Programmers should actually be treating RAM the same way they treat disks, if they want the best possible performance the hardware can deliver. You can treat the L3 cache the way you used to treat RAM—they're certainly big enough these days!
One of the problem I work on is completely random access memory bound, so to scale, we now use ridiculously cheap CPUs (AMD Kaveri chips if anyone cares) paired with DDR3 2400 DRAM, $100 motherboards, and an Infiniband fabric and switch to keep them talking to each other quickly. (We use Kaveri's because we also are doing GPU computation at the same time, and thanks to the slow RAM, the on-chip R7 GPU is more than fast enough to keep up.)
On the plus side, I get to spend way less time optimizing the code since the CPU just sits there idling most of the time, which is a nice change. :)
It's less a matter of age than environment -- there are still plenty of places using lots of tape. (It's not like we're talking about vacuum tubes or core memory here...)
Clarification: I didn't mean to imply that tape is dead, but that during the 15 years that I've been programming, tape drives have only been used in enterprise-level backup systems, and are not used as "archetypal example" in articles intended for a more general audience.
Tape is still in use today.

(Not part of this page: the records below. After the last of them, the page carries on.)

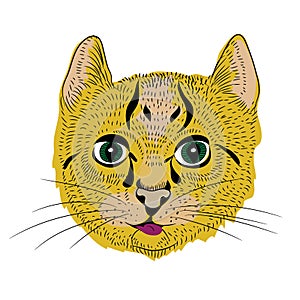 Vector illustration of little cat with long whiskers. White background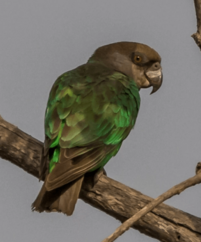 Niam Niam Parrot perched in a tree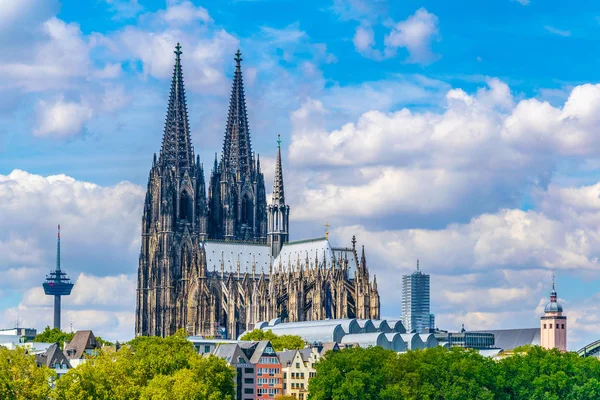 Detail van de kathedraal in Keulen, Duitsland — Stockfoto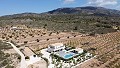 Storslået villa med 5 soveværelser og 4 badeværelser in Daft on Spain 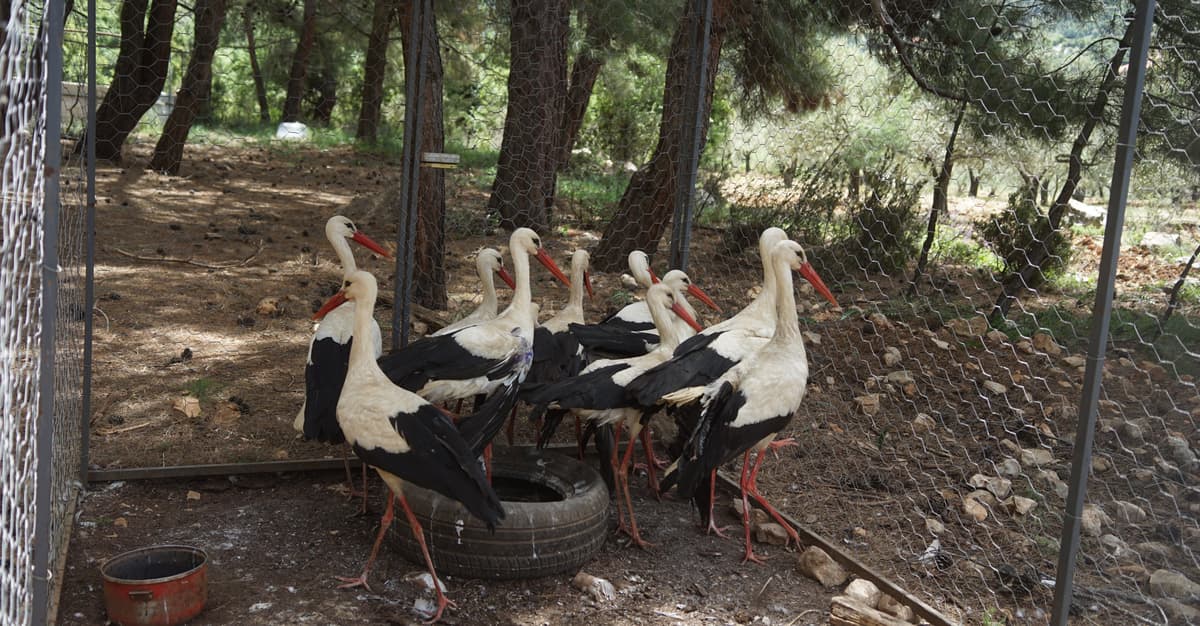 Lecą bociany. Kłusownicy czekają na nie w dolinie Zgharta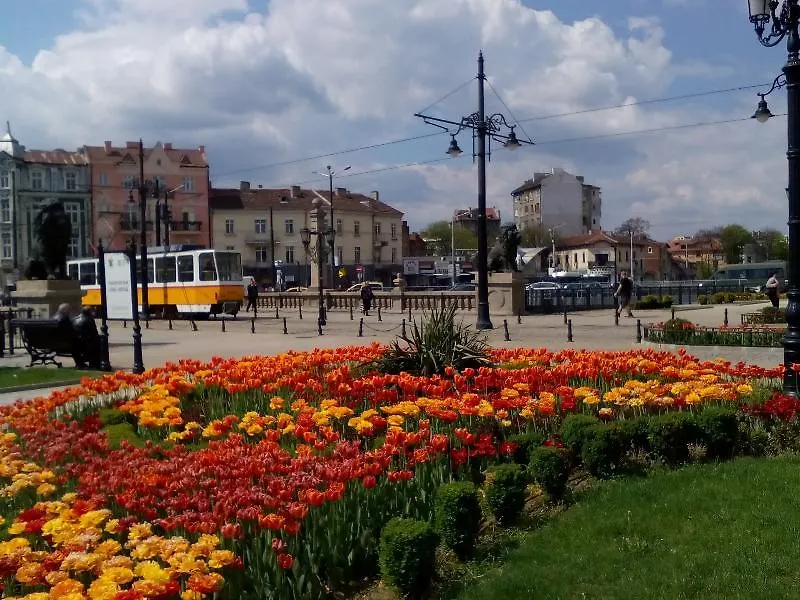 Alexander Business Apartments Sofia Bulgaria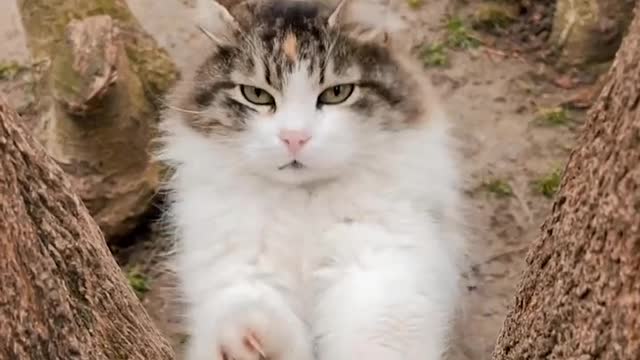 A cute Kitty playing with Tree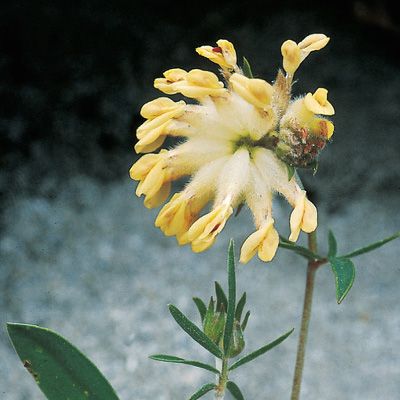 Anthyllis vulneraria subsp. valesiaca (Beck) Guyot, © 2022, Konrad Lauber – Flora Helvetica – Haupt Verlag
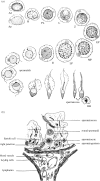 Figure 1.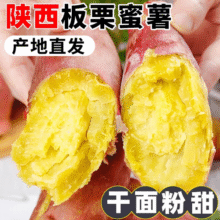 康田汇 陕西板栗红薯蜜薯当季新鲜蔬菜生鲜自然熟地瓜番薯果蔬整箱 5斤【粉糯香甜】拇指红薯净重4.5斤 新鲜15.9元 (满16减2,券后省5,月销1w+)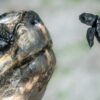 Tartaruga-das-Galápagos de 135 anos se torna pai pela 1ª vez e pode entrar para o Guinness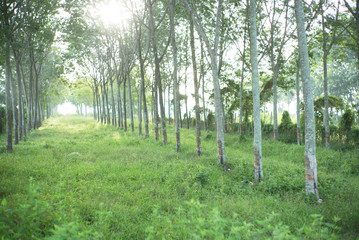 rubber tree farm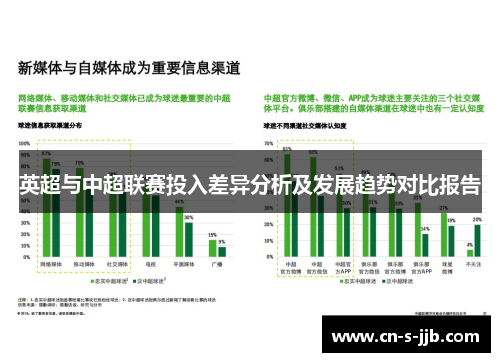 英超与中超联赛投入差异分析及发展趋势对比报告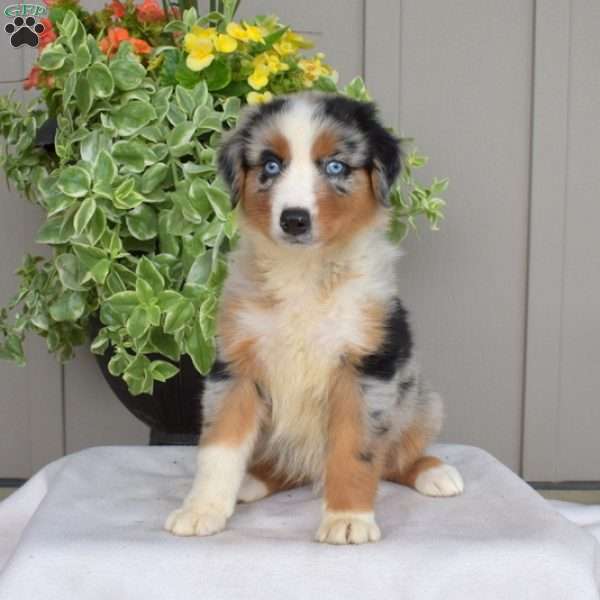 Bear, Australian Shepherd Puppy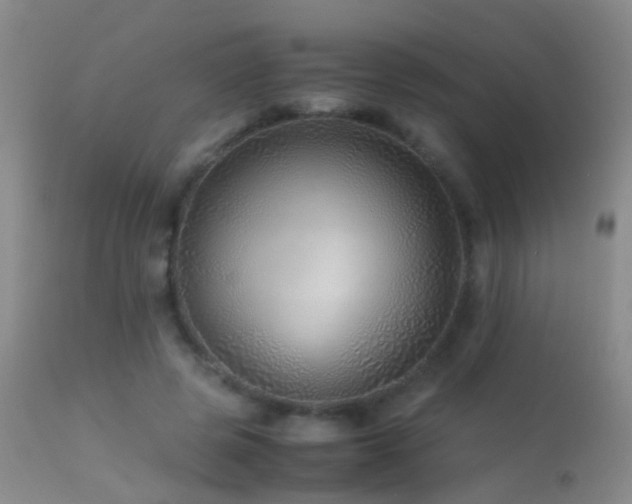 X0000113330545200909141429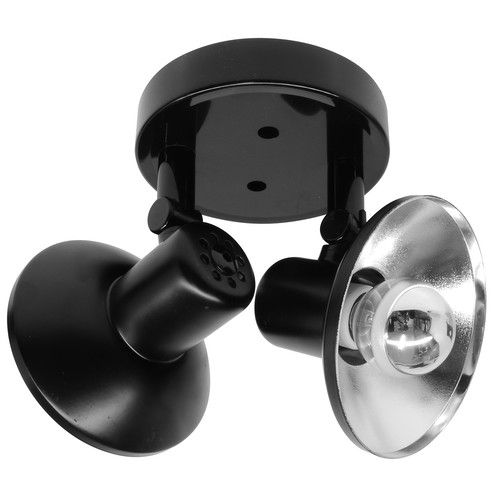 Parabolic Double 240V 2 x 40W Black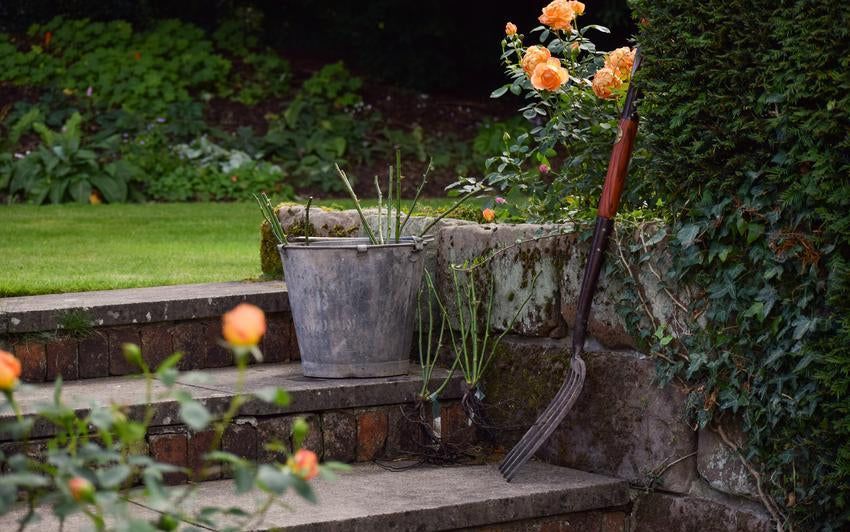 How to look after a rose until you're ready to plant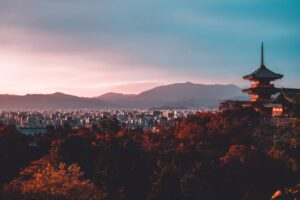film fixer in Japan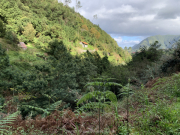 AIDAnova-Kanaren-01-2023-062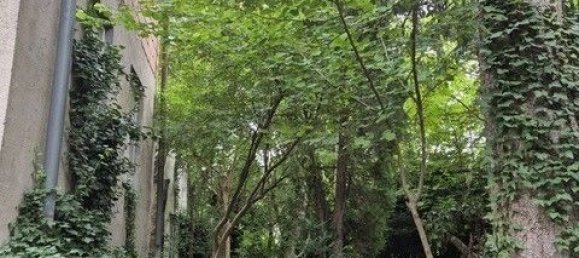  Land in Willendorf, Austria No. 130488 7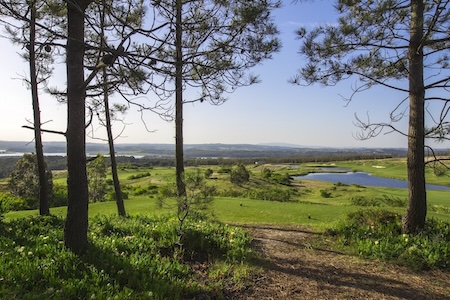 View through the pines on Royal Obidos Golf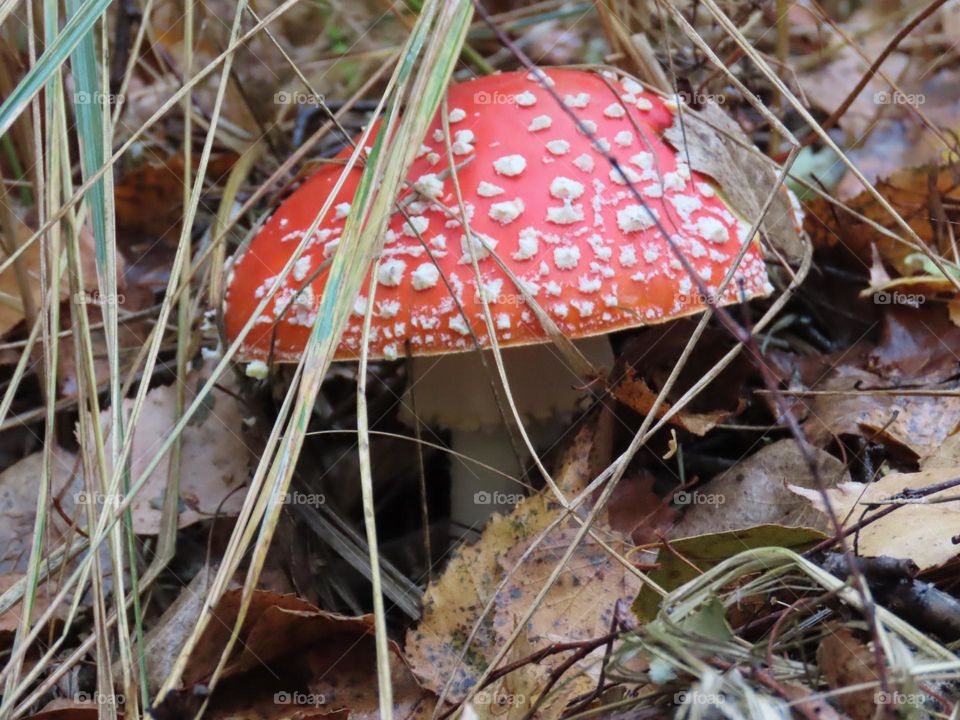 Fly agaric mushroom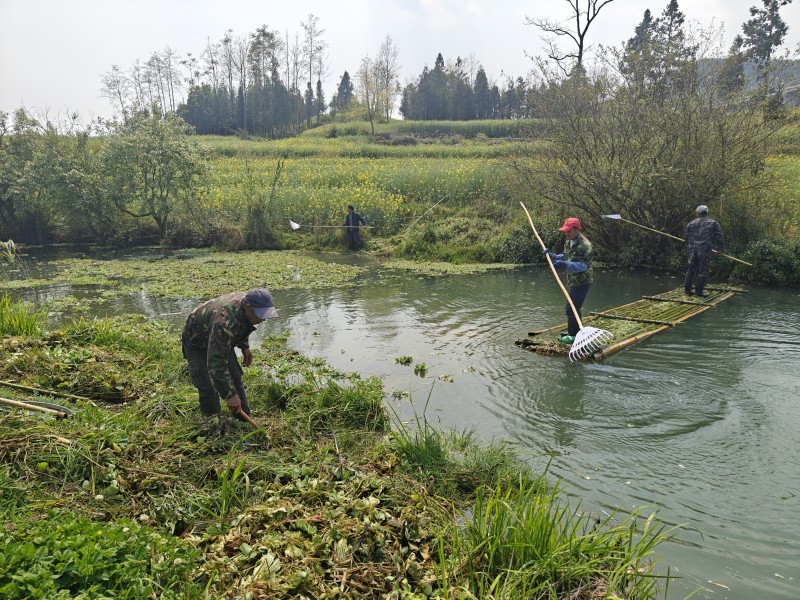 1710722640705138.jpg ab25a2a3a8c52f40488d1254e8ff599.jpg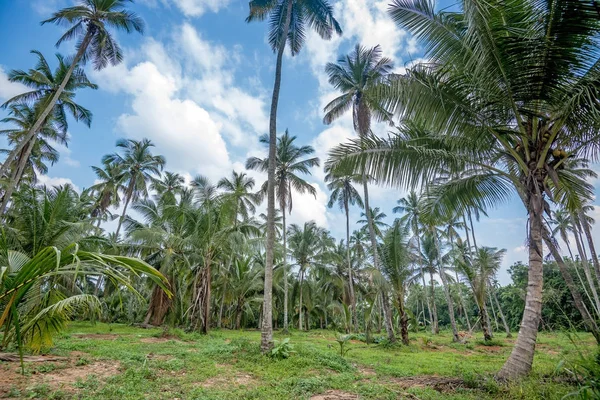 アジアのココナッツのプランテーション — ストック写真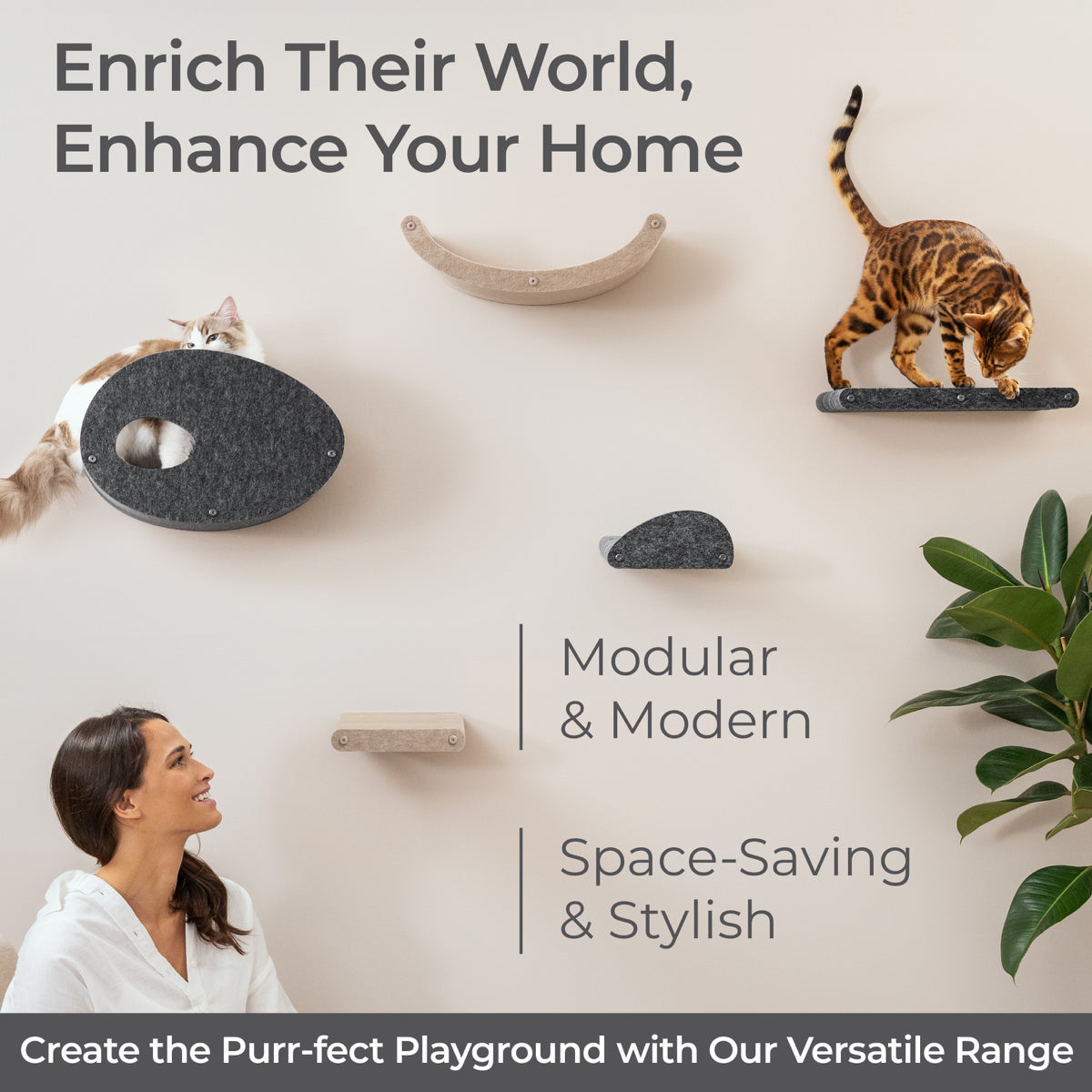 Set of 4 Charcoal Cat Climbers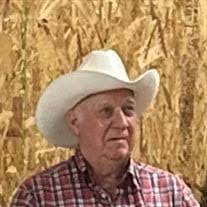 Penny Climer's Instagram, Twitter & Facebook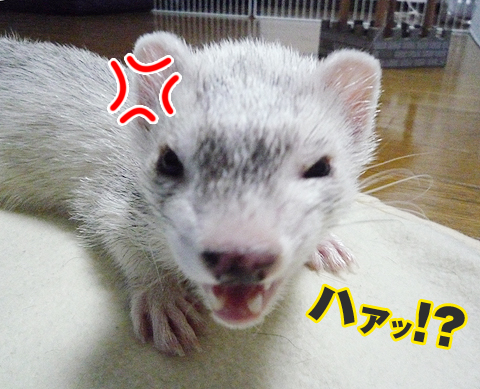 ハァッ!?
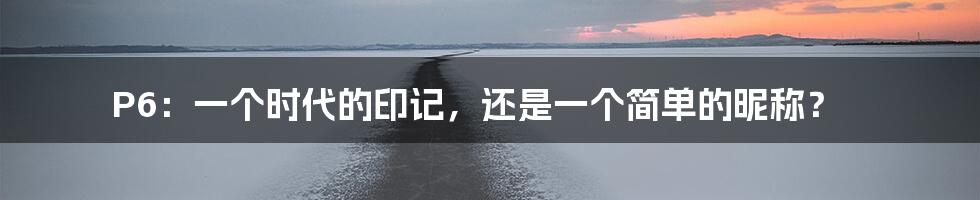 P6：一个时代的印记，还是一个简单的昵称？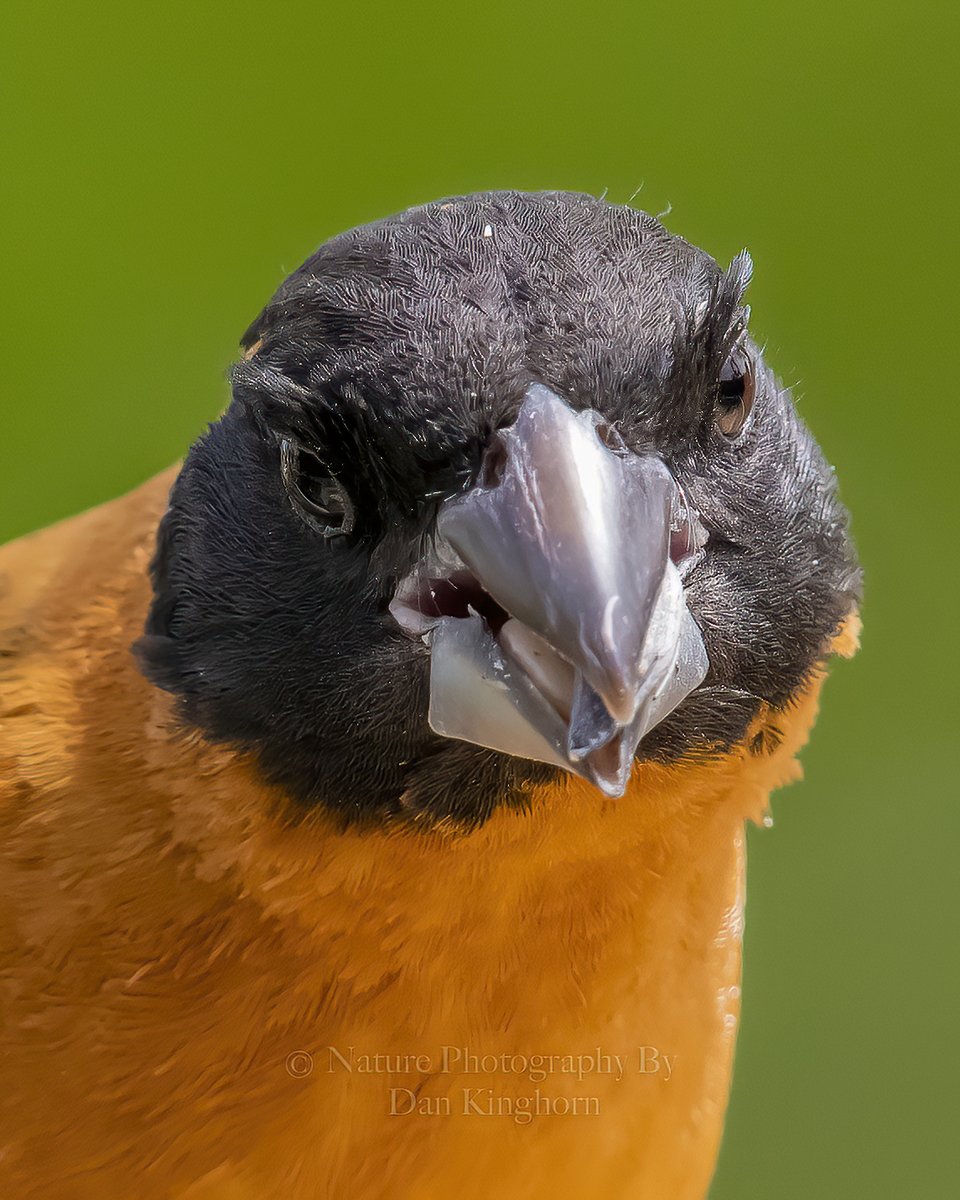 EL0NCOMMUNITY's tweet photo. #TweetTweetTweet #NaturePhotography #Birds #Photography #BirdPhotography #ThePhotoHour https://t.co/htVfocMu4j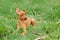 Puppy of Miniature Pinscher playing on green grass in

Widely. I bet there are more companies archiving to tape than archiving to AWS. For most of the past 27 years it would be the dominant archival method.
Random Access simply means that you can hit any part of the device 'at will' without skip all the data in between where you are and where you want to be.
Sequential access indicates that you have to pass all the data between where you are and where you want to go underneath the read head. So a denser medium would increase your access time unless you also changed some other fundamental (such as the speed with which you can move your medium around).
For a disk drive rotational speeds and head seek times have been more or less constant for a very long time, so the time to access a certain block can be computed without the underlying storage density becoming a factor.
So historically RA indicates disks/drums and so on and SA indicates tapes and derivatives. Bubble memory and its more recent incarnations are somewhere in the middle.
>'I have never heard of the myth that "HDDs provide random access".'
I haven't heard it stated directly, but I've seen it implied plenty. The typical scenario is simply someone who doesn't grok the gulf between random and sequential disk performance.
Indeed. IOPS has been the achilles head of magnetic disks for time eternal.
But ultimately calling these "myths" is somewhat absurd. Everything is relative. Relative to a magnetic hard drive, main memory offers impossibly fast random access. Sure, it's slow compared to cache memory, but that is a different discussion, and a different level of optimization. Similarly, when your SSD offers you 10s to 100s of thousands of random seeks per second, it is a universe better than the 10s to low 100 of a magnetic disk.
The problem is that sometimes, these abstractions leak. Knowing that what you're seeing is one of those leaks is key to not go down the rabbit hole of, for example, chasing a bug that ends up being caused by a hardware failure (painful experience!). So you have to keep notice of those layers below those you're directly working with; while you don't have to live there, you shouldn't totally ignore their existence.